WHAT YOU WILL DO: Take the material below from its first line through the line containing "Funny Bigfoot Oktoberfest" and, please, write those lines again exactly.

RECORDS FOR PROCESSING:

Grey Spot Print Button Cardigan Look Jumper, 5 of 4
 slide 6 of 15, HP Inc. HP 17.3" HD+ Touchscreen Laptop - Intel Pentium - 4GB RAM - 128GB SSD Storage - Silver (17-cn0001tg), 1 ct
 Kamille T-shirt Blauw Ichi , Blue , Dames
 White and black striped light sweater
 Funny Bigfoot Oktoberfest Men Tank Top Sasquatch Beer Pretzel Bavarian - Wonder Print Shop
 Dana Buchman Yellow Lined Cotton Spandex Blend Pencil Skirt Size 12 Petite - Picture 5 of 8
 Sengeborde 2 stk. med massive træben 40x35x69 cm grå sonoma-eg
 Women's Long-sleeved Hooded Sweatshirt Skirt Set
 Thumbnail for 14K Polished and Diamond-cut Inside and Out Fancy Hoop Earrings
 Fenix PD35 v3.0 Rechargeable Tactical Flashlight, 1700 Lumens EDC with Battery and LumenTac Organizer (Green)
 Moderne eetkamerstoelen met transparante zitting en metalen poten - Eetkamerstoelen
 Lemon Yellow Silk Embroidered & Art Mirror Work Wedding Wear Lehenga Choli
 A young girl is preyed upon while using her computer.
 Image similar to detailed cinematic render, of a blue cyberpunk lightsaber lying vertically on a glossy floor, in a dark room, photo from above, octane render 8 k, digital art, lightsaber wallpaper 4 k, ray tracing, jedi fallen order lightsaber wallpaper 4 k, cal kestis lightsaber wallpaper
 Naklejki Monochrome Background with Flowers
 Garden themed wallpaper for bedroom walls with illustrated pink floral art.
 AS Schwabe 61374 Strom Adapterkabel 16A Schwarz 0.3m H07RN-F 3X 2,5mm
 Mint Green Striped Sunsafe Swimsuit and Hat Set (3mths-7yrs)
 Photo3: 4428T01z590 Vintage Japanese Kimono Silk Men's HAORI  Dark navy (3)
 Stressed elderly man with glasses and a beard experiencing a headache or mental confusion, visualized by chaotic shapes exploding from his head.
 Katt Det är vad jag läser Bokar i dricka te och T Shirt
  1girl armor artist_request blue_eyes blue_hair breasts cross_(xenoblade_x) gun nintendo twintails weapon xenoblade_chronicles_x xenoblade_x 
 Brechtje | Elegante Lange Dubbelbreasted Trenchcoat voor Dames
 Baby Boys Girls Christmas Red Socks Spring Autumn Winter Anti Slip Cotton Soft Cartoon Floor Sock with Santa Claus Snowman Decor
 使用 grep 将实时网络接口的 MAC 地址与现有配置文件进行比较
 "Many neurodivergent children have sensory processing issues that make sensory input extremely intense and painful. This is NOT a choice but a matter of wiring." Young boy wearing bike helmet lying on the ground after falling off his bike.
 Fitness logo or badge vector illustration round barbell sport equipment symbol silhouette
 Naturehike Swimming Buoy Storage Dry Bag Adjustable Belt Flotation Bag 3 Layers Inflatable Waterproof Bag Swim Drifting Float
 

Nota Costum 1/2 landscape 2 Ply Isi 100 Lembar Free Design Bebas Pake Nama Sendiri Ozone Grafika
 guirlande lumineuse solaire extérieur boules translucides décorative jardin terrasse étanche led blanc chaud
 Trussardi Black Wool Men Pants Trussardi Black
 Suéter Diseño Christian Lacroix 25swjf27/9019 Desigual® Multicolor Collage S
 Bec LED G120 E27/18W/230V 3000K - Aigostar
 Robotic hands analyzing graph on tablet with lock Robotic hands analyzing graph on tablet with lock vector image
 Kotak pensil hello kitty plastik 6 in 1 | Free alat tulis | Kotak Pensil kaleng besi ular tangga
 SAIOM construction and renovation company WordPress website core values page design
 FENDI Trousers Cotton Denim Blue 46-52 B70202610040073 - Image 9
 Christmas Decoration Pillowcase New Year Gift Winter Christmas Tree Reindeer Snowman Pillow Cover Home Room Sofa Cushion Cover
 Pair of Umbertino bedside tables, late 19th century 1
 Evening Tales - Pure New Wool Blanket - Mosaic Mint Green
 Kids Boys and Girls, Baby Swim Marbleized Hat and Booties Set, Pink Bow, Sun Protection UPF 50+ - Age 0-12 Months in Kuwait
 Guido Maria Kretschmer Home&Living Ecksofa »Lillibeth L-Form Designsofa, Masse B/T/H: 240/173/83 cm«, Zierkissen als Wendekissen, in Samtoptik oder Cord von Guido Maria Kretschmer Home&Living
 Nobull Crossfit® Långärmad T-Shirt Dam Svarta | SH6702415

RESULT:
Grey Spot Print Button Cardigan Look Jumper, 5 of 4
 slide 6 of 15, HP Inc. HP 17.3" HD+ Touchscreen Laptop - Intel Pentium - 4GB RAM - 128GB SSD Storage - Silver (17-cn0001tg), 1 ct
 Kamille T-shirt Blauw Ichi , Blue , Dames
 White and black striped light sweater
 Funny Bigfoot Oktoberfest Men Tank Top Sasquatch Beer Pretzel Bavarian - Wonder Print Shop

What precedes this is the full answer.